I have two Sapphire Tri-X R9 290x's and they are too noisy for me and have been waiting on the release of the Corsair HG10-A cooler kit. It's now been reviewed on here and I find out it doesn't come with the stock AMD fan, which makes sense as it's a replacement for reference coolers, although my card is a reference PCB card so the HG10-A should fit. I'm now in the need of two stock AMD cooler fans, any ideas if they are available to purchase anywhere? Flebay doesn't have any or my search terms aren't picking up what I'm looking for thanks all
Not that I've looked into it in detail but isn't the idea that you use the existing fans from your existing coolers?
I've just looked at a picture and I see what you mean... Also had a look on Corsair's website and it just states "Does not use AMD's reference cooler and requires an additional aftermarket blower fan for operation." Helpfully it doesn't actually say where to get one of these...

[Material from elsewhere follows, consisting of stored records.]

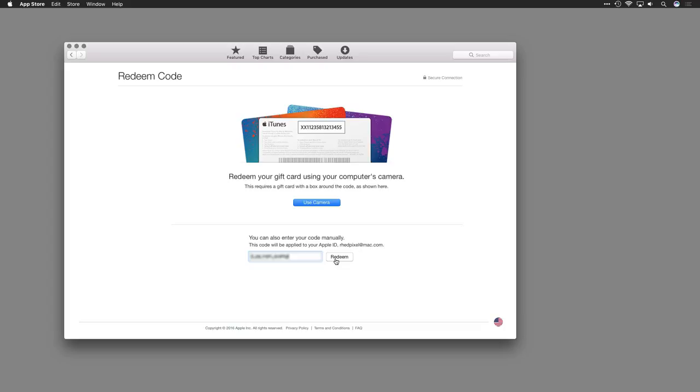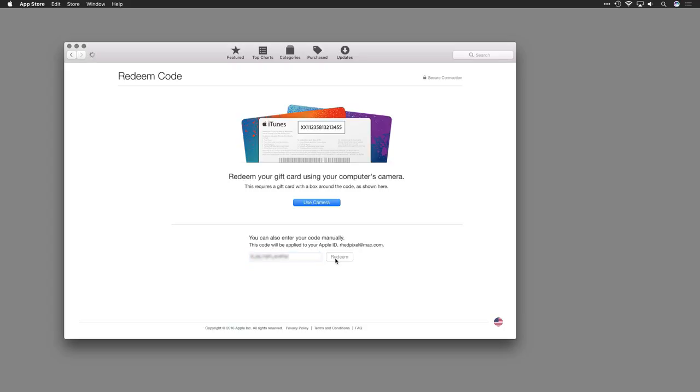Click the Redeem button to purchase the app. You won't be charged. The app will now download to your Applications folder and be ready to use.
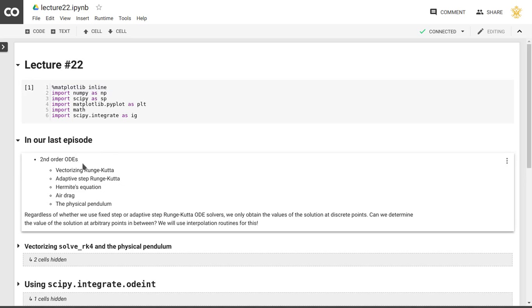We looked at second order ordinary differential equations, we vectorized our Runge-Kutta method, also introduced an adaptive step Runge-Kutta method, and then applied that to the Hermit equation, to the problem of a baseball with air drag, and to the physical pendulum as opposed to the ideal pendulum. So even with our adaptive step Runge-Kutta method, we still only obtain values at discrete points.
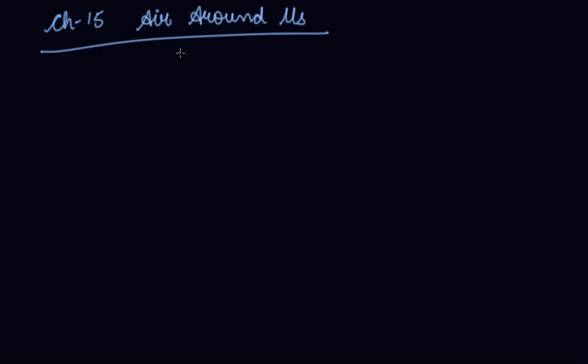In this video we will be starting Chapter 15: Air Around Us. Now we all know that air is present everywhere. For that, let's do an activity first.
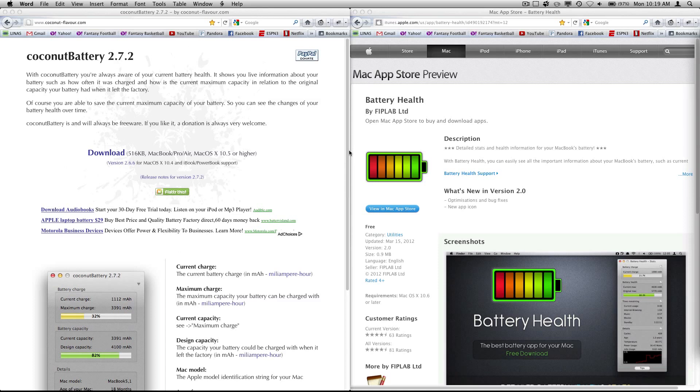Hey guys, iMac Helper here. Today I'm going to do a comparison review between two battery stat applications.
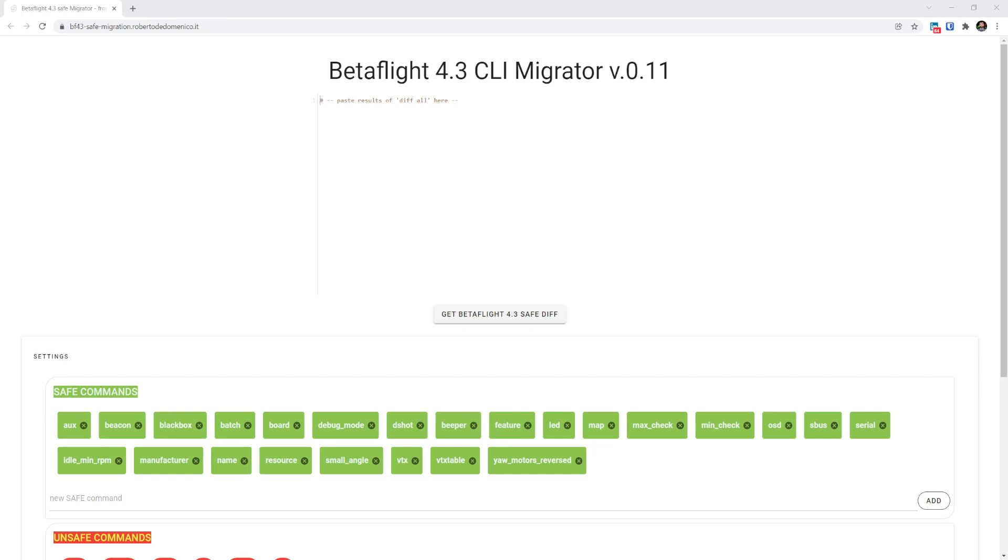Now, I produced a video which lists out which lines you can paste and which you can't, but Robert has made this tool that makes it super easy.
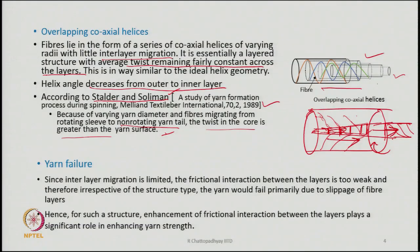Based on these models, whether the structure is overlapping coaxial helices or overlapping conical structures, if there is no interlayer migration there is no gripping between fibres and therefore hardly any strength in the yarn. Since interlayer migration is limited, frictional interaction between the layer fibres will be too weak, and irrespective of the structure type, the yarn would fail primarily due to slippage of fibres. This is one of the greatest weaknesses of DREF 2 technology.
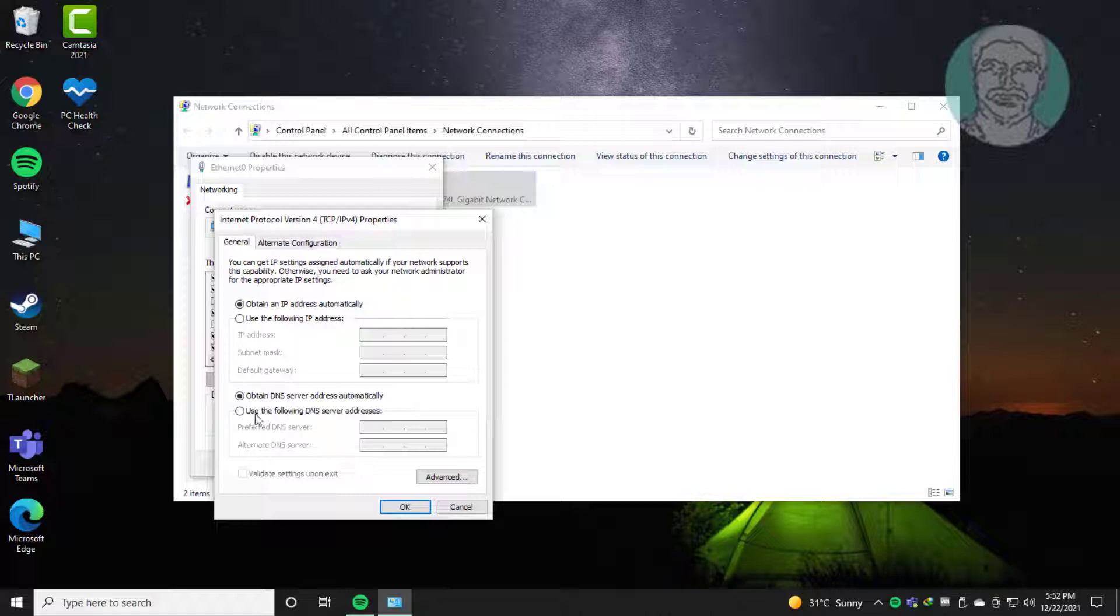Check 'Use the following DNS server addresses' and enter 1.1.1.1 and 1.0.0.1.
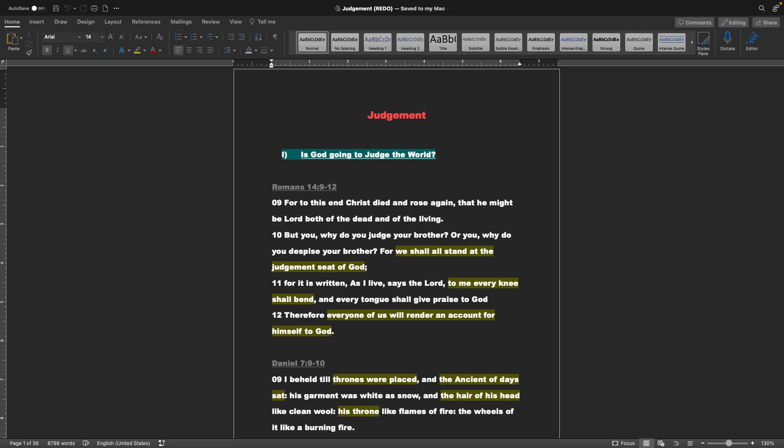Hello and welcome back to the Gospel Teachings of R.I.K. Today we are going to be talking about judgment. Is God going to judge the world?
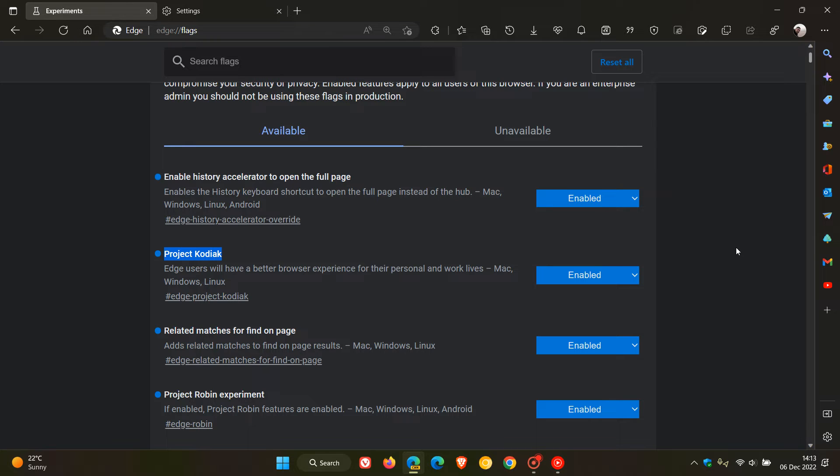Now at this stage that's the case, but as we can see, the flag reads you will have a better browser experience for your personal and work life. So at this stage it could mean that Microsoft is improving the overall browsing experience in the browser.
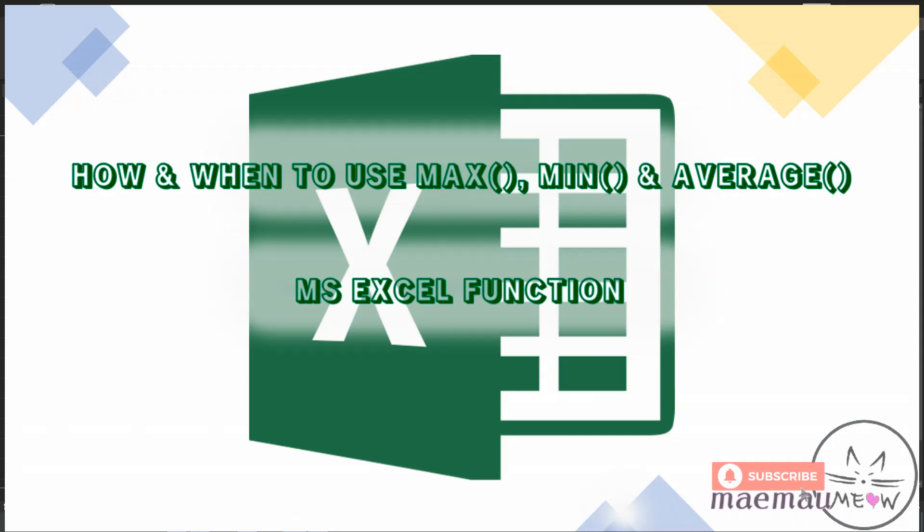Hi everyone, welcome back to my channel, it's Mei Mao Meow. So for today's video it's about MAX, MIN, and AVERAGE function of Microsoft Excel.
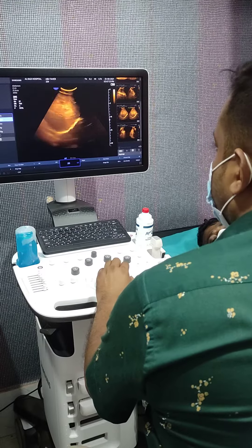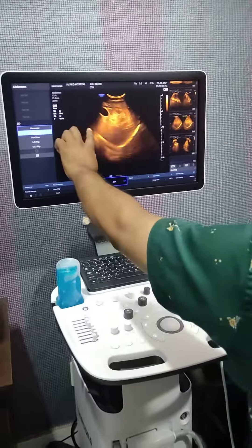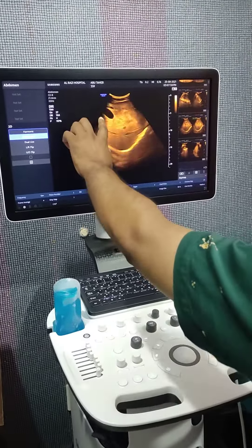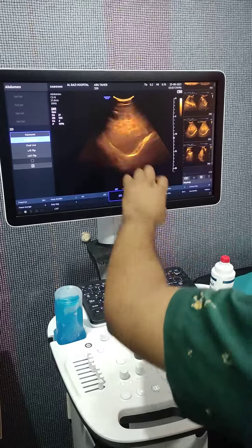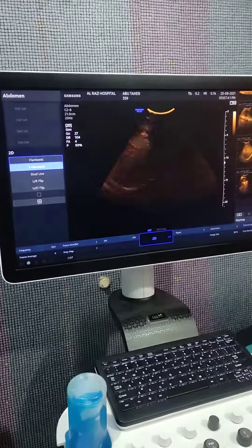On ultrasound, this is the right lobe of the liver, gallbladder, and this is the left lobe.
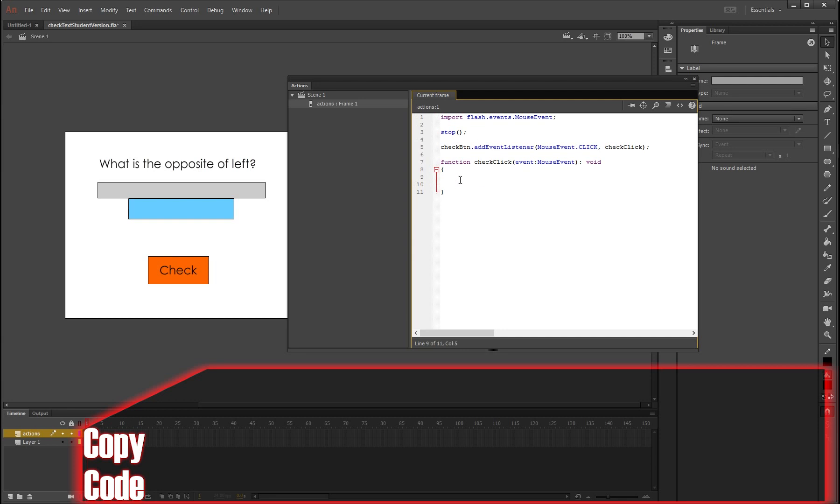And now you need to make your parentheses, so open and close. And now we need to make a little if statement in here. So we're going to write if, open bracket, input1, which is the name of our text input box, dot text equals equals. Don't ask me why you need to have two, but it's the only way for it to work. Equals equals.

reading bit-tech's review, it suggests you do use the AMD fan, you remove it from the stock cooler and install into the Corsair HG10A. When looking at prices, the HG10A £30, closed loop water coolers £60 - £100 depending on what you go for so was hoping I'd be able to pick up the required fans for no more than £5 each. Maybe I should sell both Tri-X's and grab a R9 295 instead, or two 970's or save up a bit more and get 2 980's. Problem is I like supporting the underdog
the stock cooler was a joke, so loud and noisey. NZXT Kraken G10 and a corsair water cooling unit. It mad a difference temp wise was huge and abit quieter too
I don't think that it does but it is on the list of compatible cards on the Corsair website (it's compatible with some non-reference designs) Edit: Maybe it is a reference PCB with a non-reference cooler on it... Anyway, it's definitely on the list here (http://www.corsair.com/en-us/hydro-series-hg10-a1-gpu-liquid-cooling-bracket) if you click on Tech Specs
I thought the Tri-x used a reference design while the vapor didn't, but that's just what I thought. How's the Tri-x too noisy? Is it the the air noise or do the fans make a specific noise? Just asking because I read that the Tri-x fans/cooler has an annoying habit of vibrating hitting the heatsink making a rather irritating noise.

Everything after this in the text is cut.